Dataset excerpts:
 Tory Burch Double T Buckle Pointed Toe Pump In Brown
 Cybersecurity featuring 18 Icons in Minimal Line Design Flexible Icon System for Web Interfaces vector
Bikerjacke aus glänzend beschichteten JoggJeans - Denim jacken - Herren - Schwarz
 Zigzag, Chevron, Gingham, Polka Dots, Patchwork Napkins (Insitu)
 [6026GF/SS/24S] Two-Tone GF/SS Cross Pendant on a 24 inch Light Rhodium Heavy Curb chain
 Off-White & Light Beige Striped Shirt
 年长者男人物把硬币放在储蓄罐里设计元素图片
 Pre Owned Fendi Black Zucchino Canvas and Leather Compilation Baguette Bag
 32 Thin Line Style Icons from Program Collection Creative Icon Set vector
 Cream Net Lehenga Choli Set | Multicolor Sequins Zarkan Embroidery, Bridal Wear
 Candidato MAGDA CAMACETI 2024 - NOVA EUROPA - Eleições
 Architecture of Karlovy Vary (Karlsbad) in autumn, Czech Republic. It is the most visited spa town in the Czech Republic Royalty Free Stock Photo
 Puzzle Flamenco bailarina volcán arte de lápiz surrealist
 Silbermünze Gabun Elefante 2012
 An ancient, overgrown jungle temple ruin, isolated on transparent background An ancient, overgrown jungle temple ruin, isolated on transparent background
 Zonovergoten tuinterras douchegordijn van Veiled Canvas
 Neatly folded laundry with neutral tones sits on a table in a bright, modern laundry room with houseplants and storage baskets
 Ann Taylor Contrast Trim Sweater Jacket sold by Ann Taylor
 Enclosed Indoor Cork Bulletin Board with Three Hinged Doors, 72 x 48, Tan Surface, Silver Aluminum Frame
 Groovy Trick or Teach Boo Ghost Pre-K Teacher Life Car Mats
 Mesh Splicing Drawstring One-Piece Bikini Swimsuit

WORK TO BE COMPLETED
Only the lines from the one containing "Ann Taylor Contrast" through the final line above should be duplicated, exactly as they stand.

ANSWER TO THIS EXERCISE
 Ann Taylor Contrast Trim Sweater Jacket sold by Ann Taylor
 Enclosed Indoor Cork Bulletin Board with Three Hinged Doors, 72 x 48, Tan Surface, Silver Aluminum Frame
 Groovy Trick or Teach Boo Ghost Pre-K Teacher Life Car Mats
 Mesh Splicing Drawstring One-Piece Bikini Swimsuit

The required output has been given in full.